If you don’t eat vitamin C foods on a daily basis, you should start. Experts recommend that you consume them every day for the benefits this nutrient has for health.
Vitamin C (ascorbic acid) is a nutrient that our body needs to carry out different processes. But, since our body is not capable of producing it, it is necessary to obtain it through the diet.
We all know that oranges are a source of vitamin C but, despite the fact that this citrus has taken all the fame, there are many other foods rich in this nutrient that have a higher quantity than oranges offer us.
For example, red bell peppers, green bell peppers, kale, broccoli, cauliflower, strawberries, pineapple, kiwi, and other citrus fruits provide you with large doses of vitamin C.
Being present in so many foods, most people get the amount their body needs from dietBut those who do not eat a healthy diet may be deficient in vitamin C.
Make sure you take the recommended daily amount because vitamin C has all of these health benefits backed by science:
- Helps heal wounds. Vitamin C is an essential component of connective tissue and plays an important role in wound healing.

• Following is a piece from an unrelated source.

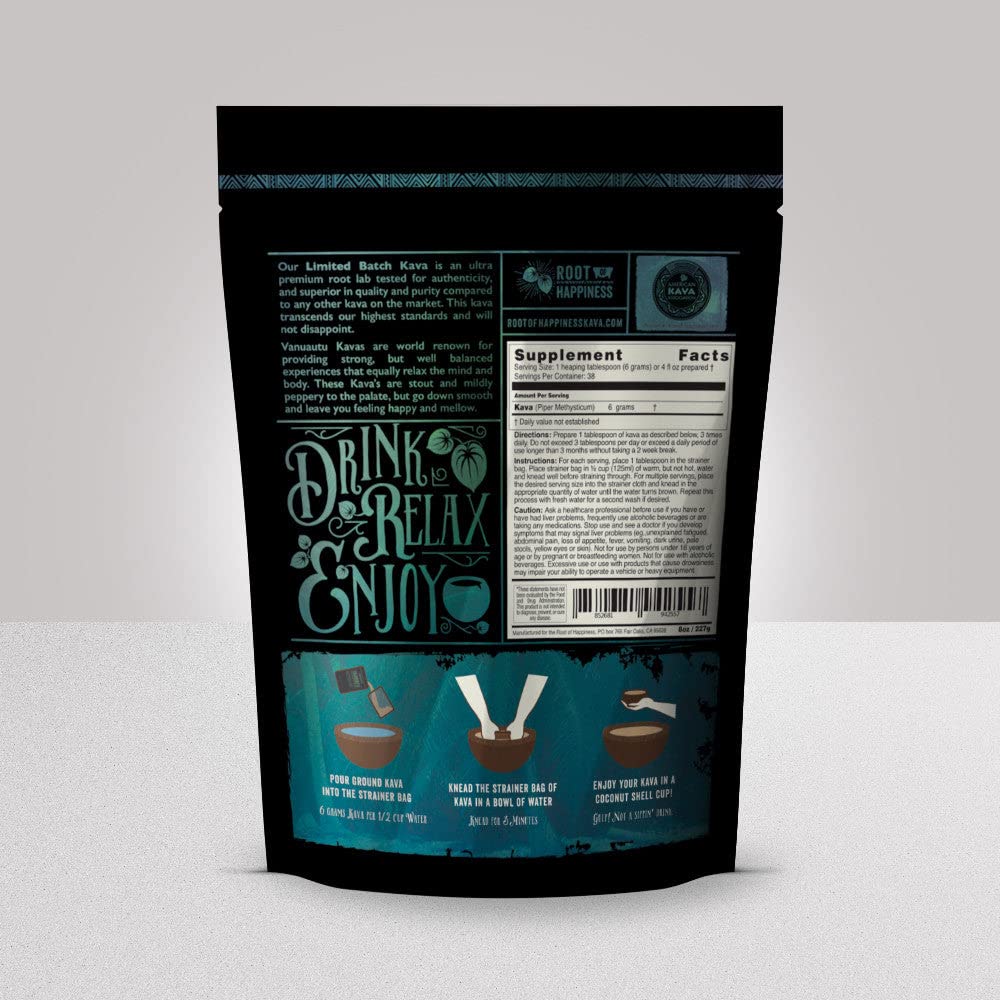 Root of Happiness Vanuatu Kava Powder, 1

- Has antioxidant effects. Ascorbic acid has antioxidant properties, so it can help prevent cell damage and health problems related to oxidative stress.
- May increase collagen production. Vitamin C is necessary for our bodies to produce collagen, and that is why it is a key ingredient in many skin care products.
- May support heart health. The studies suggest that taking vitamin C can reduce the risk of coronary heart disease.
- May improve eye health. Scientific evidence reveals that vitamin C can help prevent or treat age-related macular degeneration and cataracts.
- Improves iron absorption. Vitamin C helps the body absorb iron, so it is highly recommended to prevent a deficiency of this mineral.
Although vitamin C has many health benefits, experts caution that exceeding the recommended daily dose is also harmful and it can lead to digestive problems or cause kidney stones. The daily amount must be adapted to the person according to their age, for example a 1 year old baby only needs 40 mg, while an adult woman should take 75 mg.